Bhattadeva (1558–1638), (full name, Baikunthanatha Bhagavata Bhattacharya) is acknowledged as the father of Assamese prose. Though Bhaktiratnakar-katha, the Assamese translation of Sankardev's Sanskrit composition Bhaktiratnakar by Gopala Charana Dwija preceded the works of Bhattadeva, Bhattadeva's prose had an influence in the development of a high and dignified style. Bhattadeva's and Gopala Charana Dvija's 16th century works are considered to be the earliest examples of prose in Indian languages. Bhattadeva's erudition in Sanskrit grammar and literature, and his command over the Bhagavata earned him the title of Bhagavata Bhattacharya.

==Biography==
Bhattadeva was born to Chandra Bharati and Tara Devi in a Brahmin family of Bichankuchi, Bajali (Kamrup). After finishing his education, he became a disciple of Damodara Deva and succeeded him as the head of Patbausi satra at Barpeta. He established the Byaskuchi satra some time later where he died. He is best known for Katha Bhagavat and Katha Gita, though some minor works like Saranamalika and Prasangamala are also ascribed to him.

==Work==
Bhattadeva began translating the Sanskrit Bhagavata into Assamese prose at the bidding of Damodaradeva, who wanted it to be accessible to the common man. He rendered Katha Bhagavata in a discursive style that is dignified and balanced. He maintains the same sense of dialogue in the Katha Gita. Though he uses short sentences, popular vocabulary and the expressive cadence of the colloquial, he uses Sanskrit vocables heavily and his language is an elevated one. After completing the Bhagavata and the Gita, he rendered the Bhaktiratnavali into elegant prose. He also compiled a book of devotional verses in Sanskrit gleaned from the Upanishads, Puranas and Samhitas illustrating all the elements of Bhakti. The work, Bhakti-Viveka reveals extensive knowledge and erudition of Bhattadeva, from the vedic to the puranic literature. Bhattadeva's contributions are not confined to prose literature, he wrote poetry also.
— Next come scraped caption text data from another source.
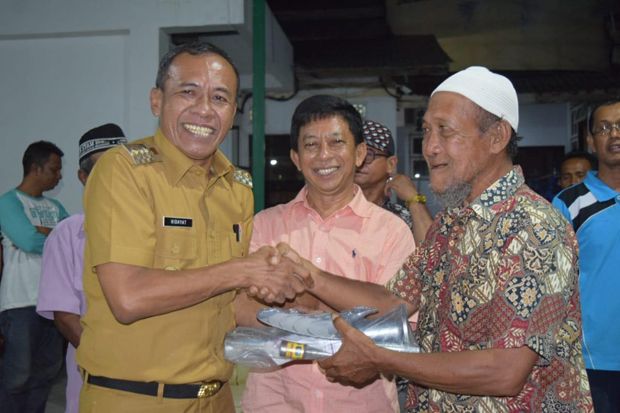 Wali Kota Palu Berikan...
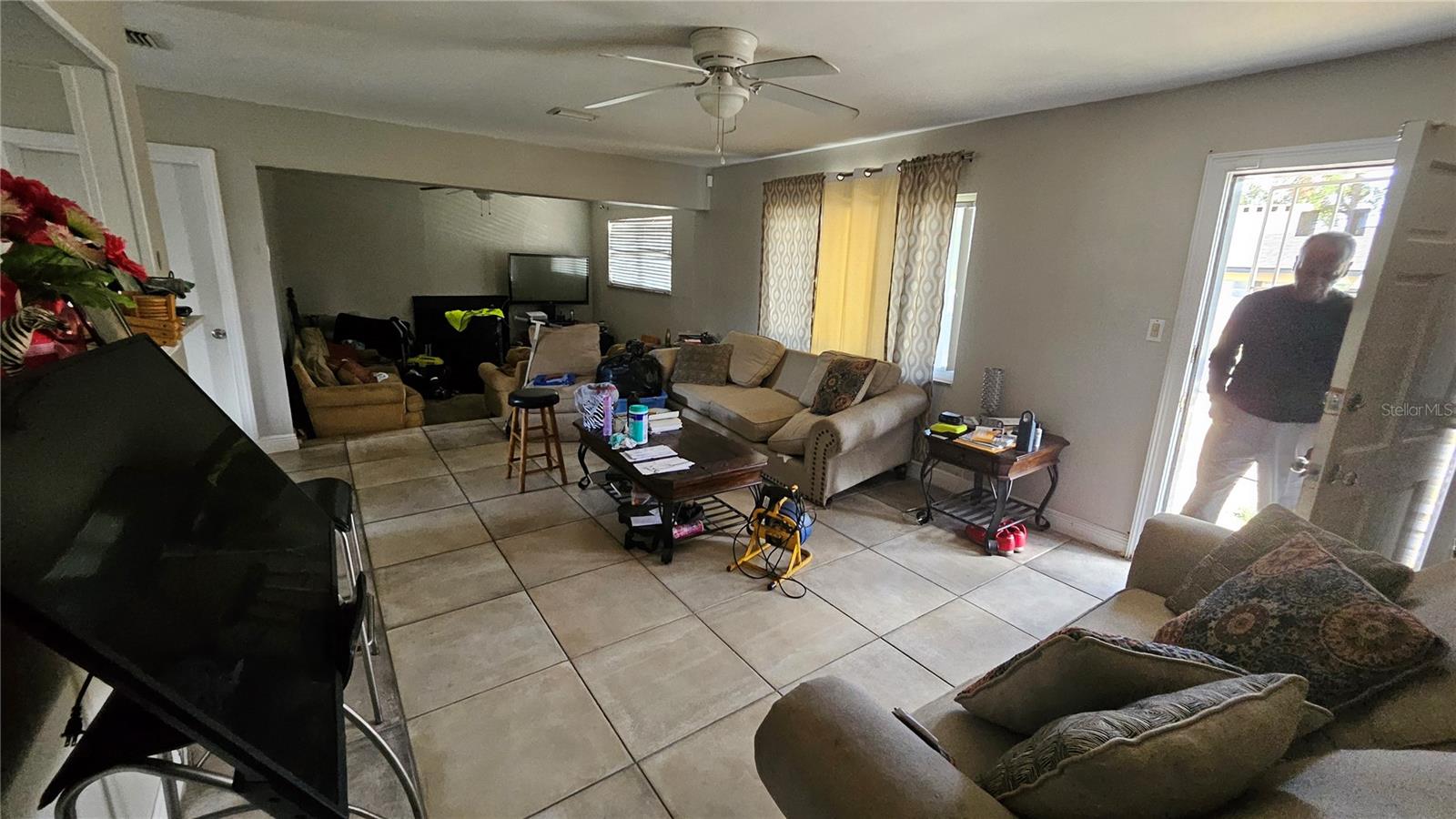 1417 E 109TH AVE, TAMPA, FL, 33612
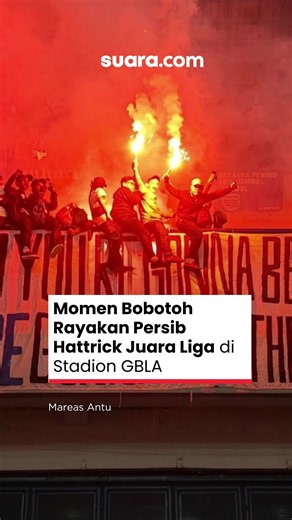 Persib Bandung resmi mengukir sejarah baru di sepak bola Indonesia. Maung Bandung memastikan gelar juara Super League 2025/2026 usai bermain imbang 0-0 kontra Persijap Jepara di Stadion Gelora Bandung Lautan Api, Sabtu (23/5). Hasil itu cukup membawa Persib mengunci posisi puncak klasemen sekaligus mencatat hattrick juara liga. Meski Borneo FC sukses menang pada laga terakhirnya, Persib tetap unggul dalam rekor pertemuan sehingga trofi resmi menjadi milik skuad asuhan Bojan Hodak. Konsistensi se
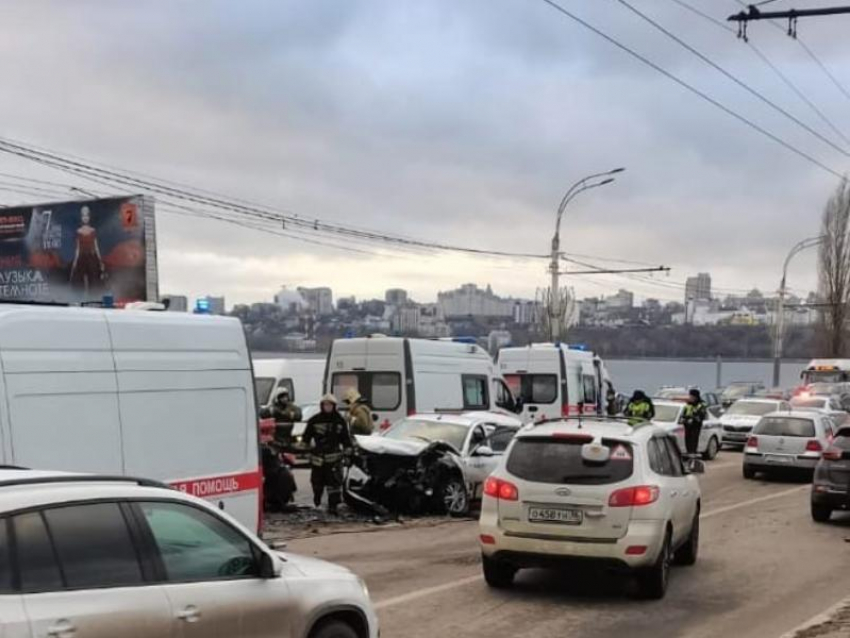 Число пострадавших в ДТП на Чернавском мосту увеличилось до 7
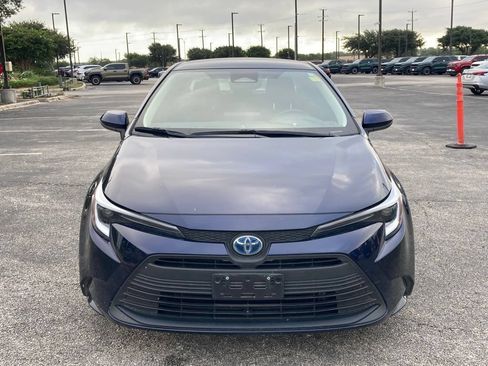 Used 2025 Toyota Corolla LE FWD image 2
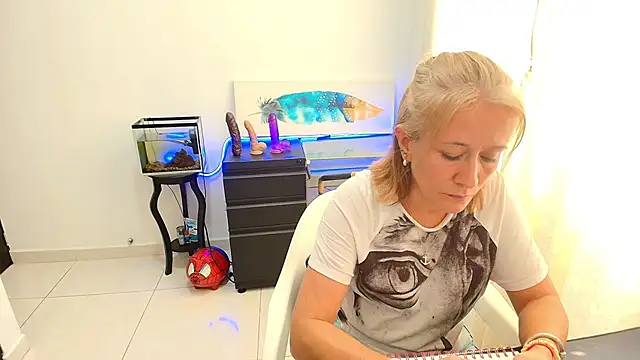 Naty Stone online show from October 2025 06:41:01 PM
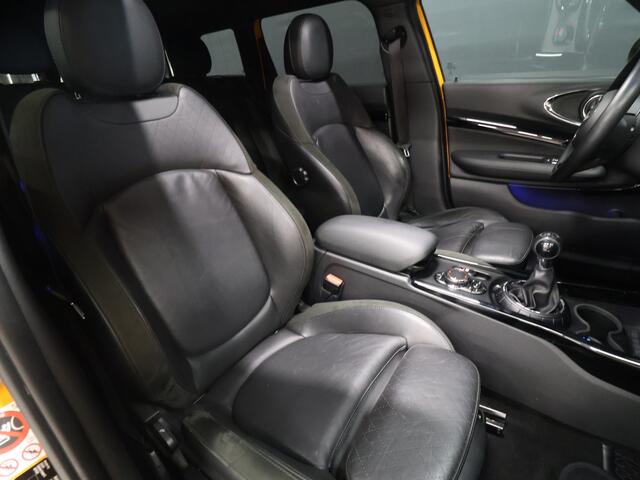 Mini COOPER CLUBMAN 2.0 S Chili Serious Business [SCHUIFKANTELDAK, TREKHAAK AFNEEMBAAR, HARMAN/KARDON, HEAD-UP, ADAPTIVE CRUISE, STOELVERWARMING, PDC ACHTER, BLUETOOTH, CLIMATE, NIEUWSTAAT]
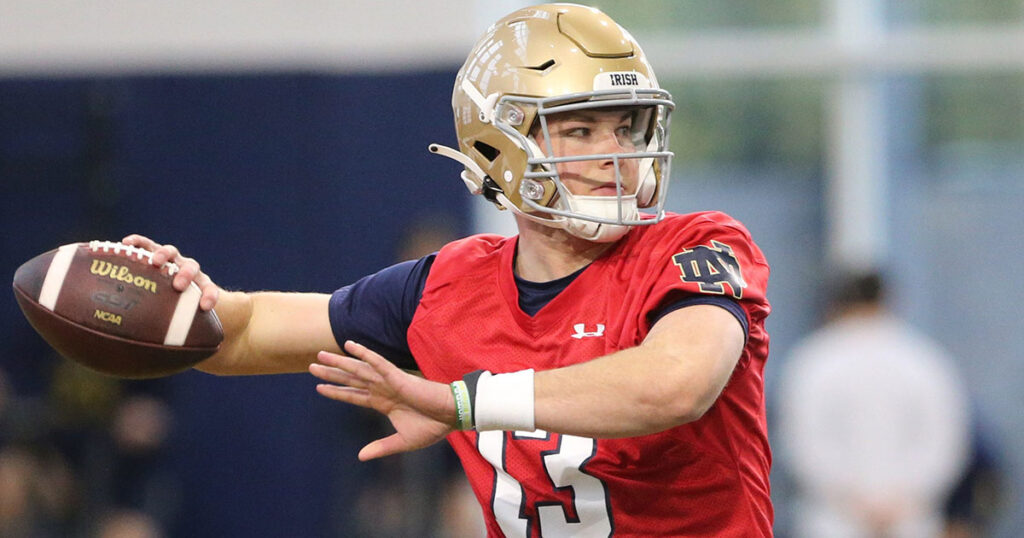 Notre Dame QB Riley Leonard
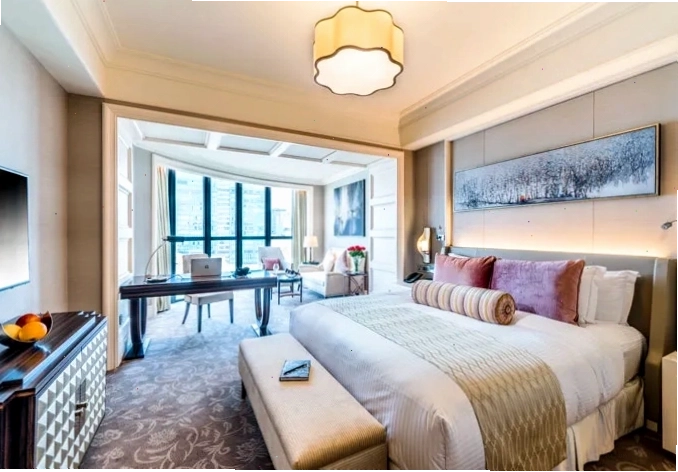 Mặt tiền khách sạn Caravelle Saigon về đêm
Bhattadev University of Assam is named after him.

==See also==
- Hema Saraswati
- Haribara Vipra

==Bibliography==
- Barua, B. K. (1953). "Aspects of Early Assamese Literature"
- Goswami, Upendranath (1970). "A Study on Kamrupi: A Dialect of Assamese"
- Saikia, Nagen (1997). "Medieval Indian Literature"
- Sarma, Satyendranath (1987). "Encyclopaedia of Indian Literature"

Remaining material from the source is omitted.